→ Task: Starting at the first line of the records and stopping at the line that contains "The double bedroom", transcribe every line exactly and leave out the pictures.

→ Items from a dataset:
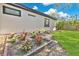 Landscaped garden with flower beds at 2460 Worthington Rd, Maitland, FL 32751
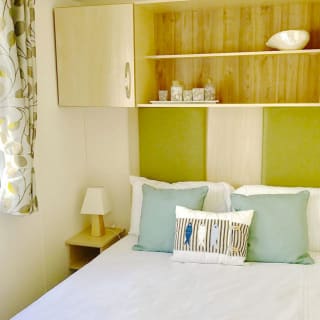 The double bedroom in our bright and spacious superior static caravan. The perfect way to stay.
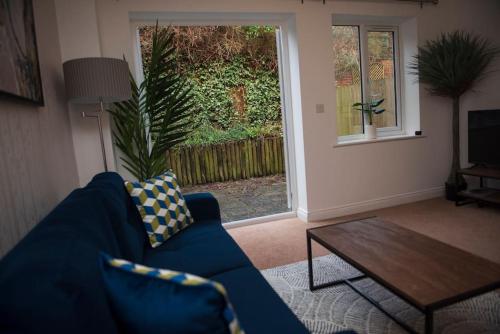 a living room with a blue couch and a table at Spacious 3 Bed House in Bristol in Bristol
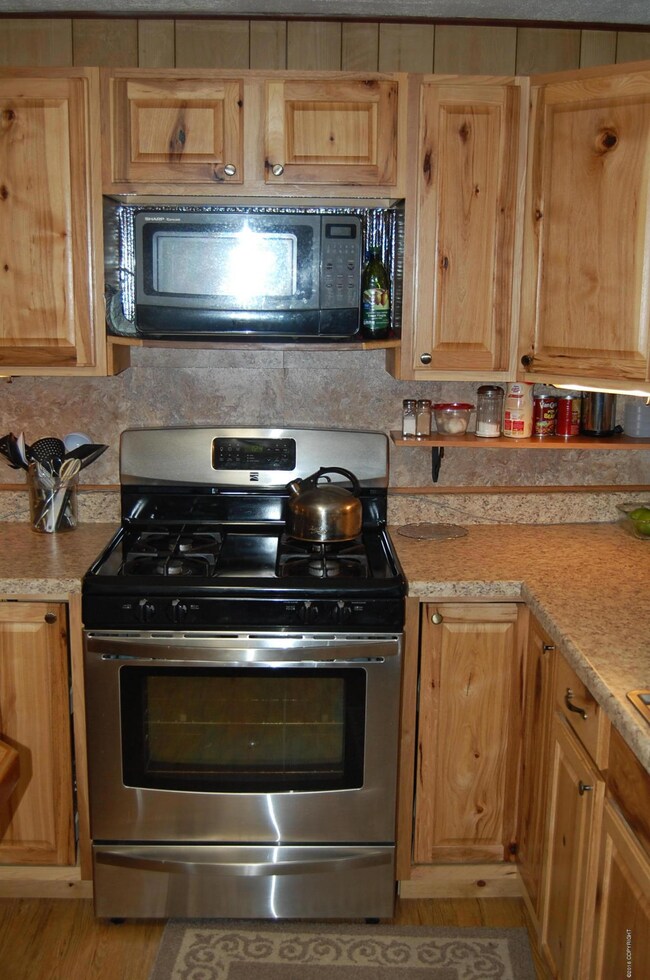 Kitchen range and counter microwave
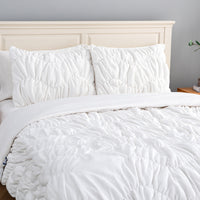 A white ruched VelvetLoft Comforter Set decorated on a bed in a bright room.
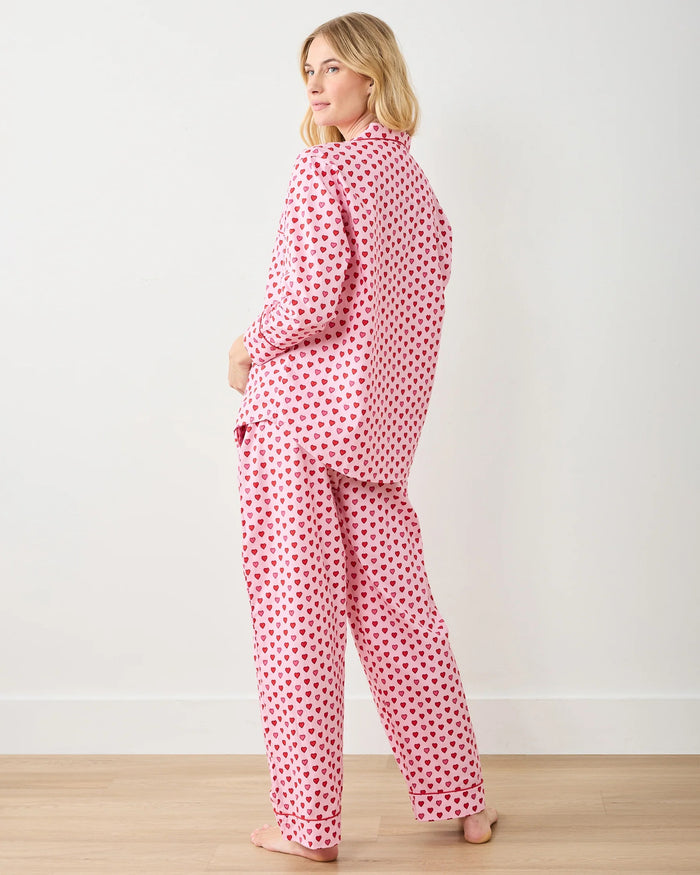 A seamless pattern of red and pink hearts arranged in neat rows on a light pink background, featured on the PRINTFRESH - MINI CANDY HEARTS LONG PAJAMA SET by PRINTFRESH, perfect for cozy Valentine's pajamas.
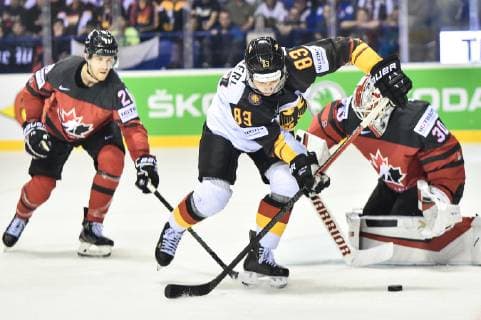(190519) -- KOSICE, May 19, 2019 -- Leonhard Pfoderl (C) of Germany controls the puck during the 2019 IIHF Ice hockey, Eishockey World Championship, WM, Weltmeisterschaft Slovakia group A game between Canada and Germany at Steel Arena on May 18, 2019 in Kosice, Slovakia. Canada won 8-1. ) (SP)SLOVAKIA-KOSICE-ICE HOCKEY-IIHF-WORLD CHAMPIONSHIP-GROUP A-CAN VS GER LukaszxLaskowski 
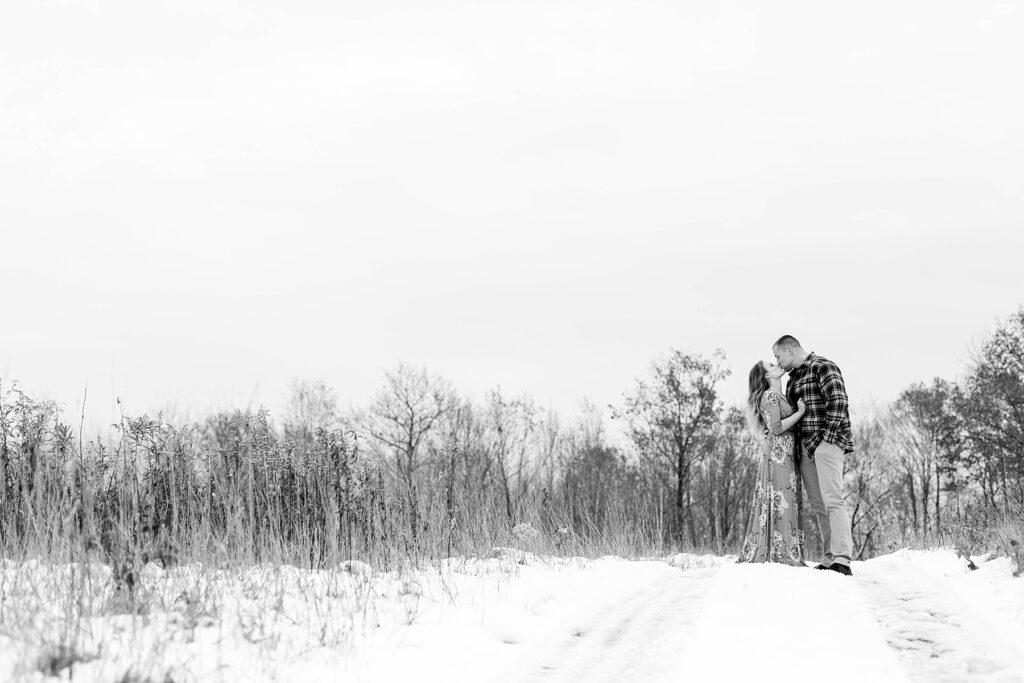 couple kissing in a black and white photo in a meadow that is snow covered for their winter engagement session in Ladysmith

→ Written response:
 Landscaped garden with flower beds at 2460 Worthington Rd, Maitland, FL 32751
 The double bedroom in our bright and spacious superior static caravan. The perfect way to stay.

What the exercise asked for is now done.